The data below is to be written out exactly, with no pictures.

### [SUPPLIED DATA]
____________

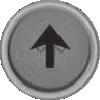The DOWN arrow button is used to advance to the next category on the screen or to decrease the value of a digit in a numeric variable field.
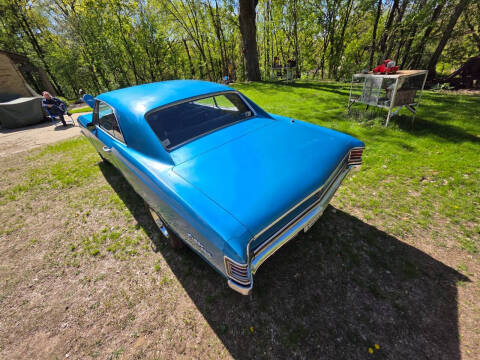 1967 Chevrolet Chevelle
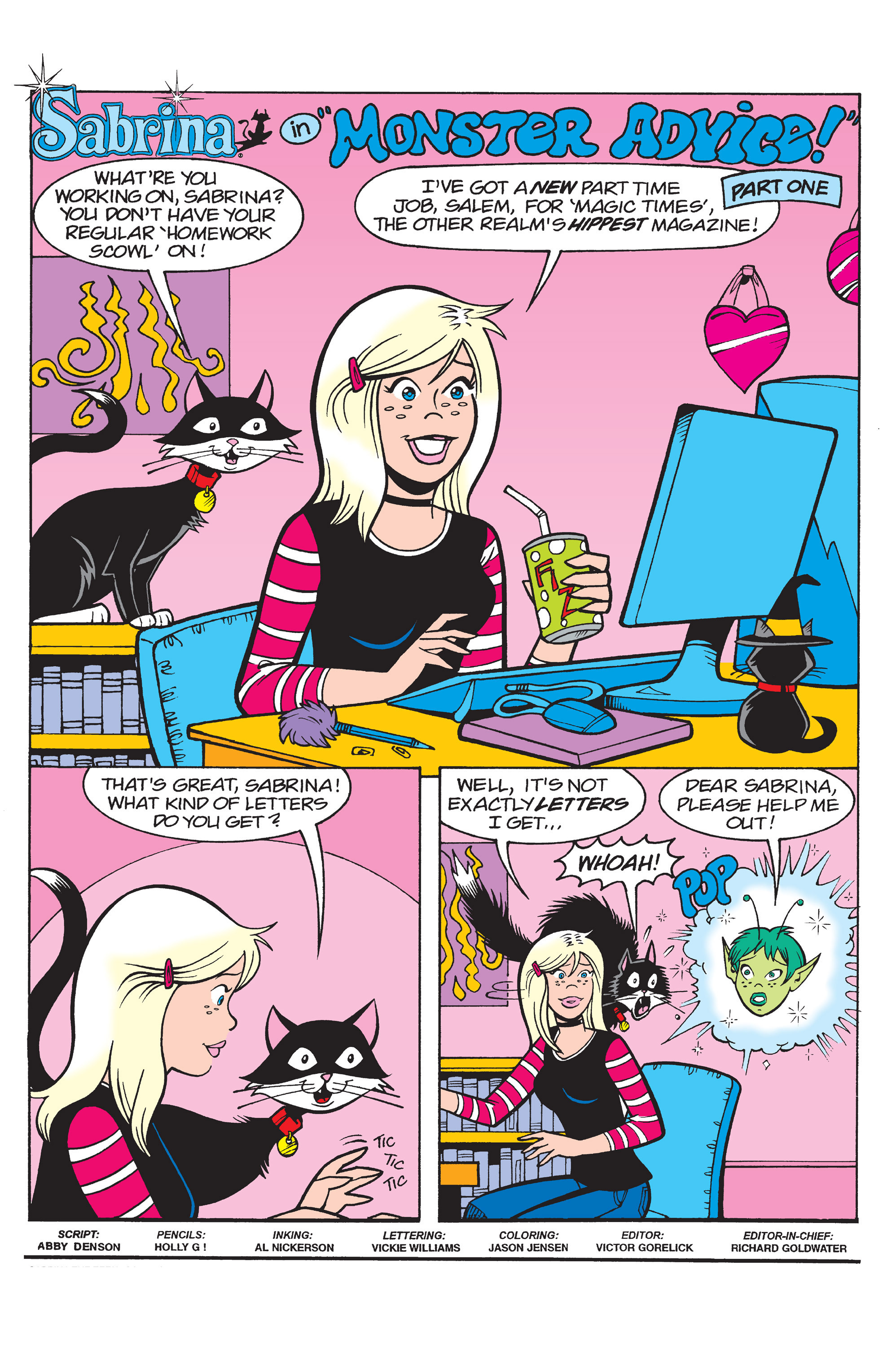 Read online Pep Digital comic -  Issue #60 - 56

____________

### [TASK RESULT]
The DOWN arrow button is used to advance to the next category on the screen or to decrease the value of a digit in a numeric variable field.
 1967 Chevrolet Chevelle
 Read online Pep Digital comic -  Issue #60 - 56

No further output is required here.